Dual Prime | 1, 1, 2 | 16x16 | A single prediction is constructed from the average of two 16x16 predictions taken from fields of opposite parity |
concealment motion vectors can be transmitted in the headers
of intra macroblocks to help error recovery. When the macroblock data that
the concealment motion vectors are intended for becomes corrupt, these
vectors can be used to specify how a concealment 16x16 area is formed from
the previous picture. These vectors do not affect the normal decoding process,
except for motion vector predictions. At the low level, concealment_motion_vectors
are treated like any other motion vector.
Additional chroma_format for 4:2:2 and 4:4:4 pictures.
Like MPEG-1, Main Profile syntax is strictly limited to 4:2:0 format, however,
the 4:2:2 format is the basis of the 4:2:2 Profile (aka "Studio Profile").
In 4:2:2 mode, all syntax essentially remains the same except where matters
of block_count are concerned. A coded_block_pattern extension was
added to handle signaling of the extra two chrominance prediction error
blocks over the old 6 block combination of 4:2:0 chroma_format. The 4:4:4
format is currently undefined in any Profile, but all the syntax and semantics
are included in the MPEG document to deal with it just the same.
chroma_format | multiplex order (time) within macroblock | Application |
4:2:0 (6 blocks) | YYYYCbCr | main stream television, consumer entertainment. |
4:2:2 (8 blocks) | YYYYCbCrCbCr | studio production environments, professional editing equipment, distribution, something to distinguish yourself in marketplace. |
4:4:4 (12 blocks) | YYYYCbCrCbCrCbCrCbCr | computer graphics |
Non-linear macroblock quantization was introduced in MPEG-2
to increase the precision of quantization at high bit rates (hence, low
quantiser_scale values), while increasing the dynamic range for low bit
rate use where larger step size is needed. The quantization_scale_code
is switchable between the linear (MPEG-1 style) or non-linear scale
on a picture coding (frame or field) basis. This new MPEG-2 non-linear
scale corresponds to a dynamic range of 0.5 to 54 with respect to the old
linear (MPEG-1 style) range of 1 to 31.
Block:
Block overview diagram:
alternate scan introduced a new run-length entropy scanning
pattern generally more efficient for the statistics of interlaced video
signals. Zig-zag scan is considered the appropriate choice for progressive
pictures.
intra_dc_precision: In MPEG-1, it is mandatory
that the DC value is quantized to a precision of 8 bits (the DCT expands
the dynamic range from 8 bits to 11 bits, so dividing by 8 again, or shifting
by 3 bits, brings the value back down to the original range). This is considered
bad by some since this single coefficient has more influence on clean video
signals than any other. Why not give it more bits ?

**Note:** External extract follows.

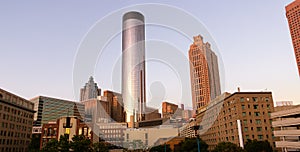 Downtown Atlanta Skyline showing several prominent buildings, apartments, offices and hotels under a blue sky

So MPEG-2 introduced 9, 10, and 11 bit precision set on a picture basis
to increase the accuracy of the DC component. Particularly useful at high
bit rates to reduce posterization. Main and Simple Profiles are limited
to 8, 9, or 10 bits of precision. The 4:2:2 High Profile, which is geared
towards higher bitrate applications (up to 50 Mbits/sec), permits all values
(up to 11 bits).
separate quantization matrices for Y and C: luminance (Y) and
chrominance (Cb,Cr) share a common intra and non-intra DCT coefficient
quantization 8x8 matrix in MPEG-1 and MPEG-2 Main and Simple Profiles.

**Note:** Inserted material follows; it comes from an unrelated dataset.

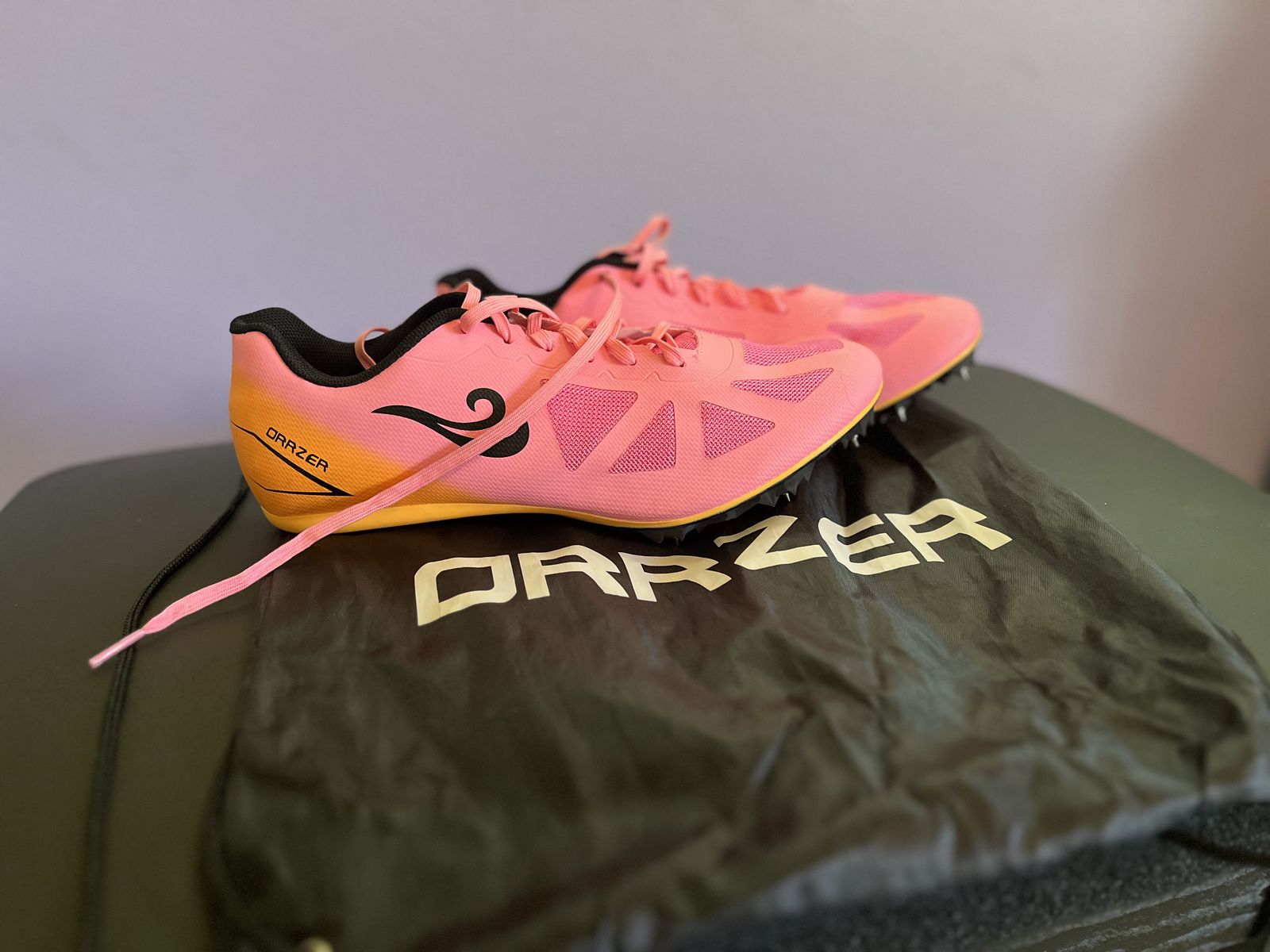 Sprint spikes (pink size 10.5 women) (black size 10 women)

The 4:2:2 Profile permits separate quantization matrices to be downloaded
for the luminance and chrominance blocks. Cb and Cr still share a common
matrix.
intra_vlc_format: one of two tables may now be selected
at the picture layer for variable length codes (VLCs) of AC run-length
symbols in Intra blocks. The first table is identical to that specified
for MPEG-1 (dc_coef_next). The newer second table is more suited to the
statistics of Intra coded blocks, especially in I-frames. The best illustration
between Table 0 and Table 1is the length of the symbol which represents
End of Block (EOB). In Table zero, EOB is 2 bits. In Table one, it is 4
bits. The implication is that the EOB symbol is 2^-n probable within the
block, or from an alternative perspective, there are an average of 3 to
4 non-zero AC coefficients in Non-intra blocks, and 9 to 16 coefficients
in Intra blocks. The VLC tree of Table 1 was intended to be a subset of
Table 0, to aid hardware implementations. Both tables have 113 VLC entries
(or "events").
escape: When no entry in the VLC exists for a AC Run-Level
symbol, an escape code can be used to represent the symbol. Since there
are only 63 positions within an 8x8 block following the first coefficient,
and the dynamic range of the quantized DCT coefficients is [-2047,+2048],
there are (63*2047), or 128,961 possible combinations of Run and Level
(the sign bit of the Level follows the VLC). Only the 113 most common Run-Level
symbols are represented in Table 0 or Table 1. The length of the escape
symbol (which is always 6 bits) plus the Run and Level values in MPEG-1
could be 20 or 28 bits in length. The 20 bit escape describes levels in
the range [-127,+127]. The 28 bit double escape has a range of [-255, +255].
MPEG-2 increased the span to the full dynamic range of quantized IDCT coefficients,
[-2047, +2047] and simplified the escape mechanism with a single representation
for this event. The total length of the MPEG-2 escape codeword is 24 bits
(6 bit VLC followed by a 6-bit Run value, and 12 bit Level value). It was
an assumption by MPEG-1 designers that no quantized DCT coefficient would
need greater representation than 10 bits [-255,+255]. Note: MPEG-2 escape
mechanism does not permit the value -2048 to be represented.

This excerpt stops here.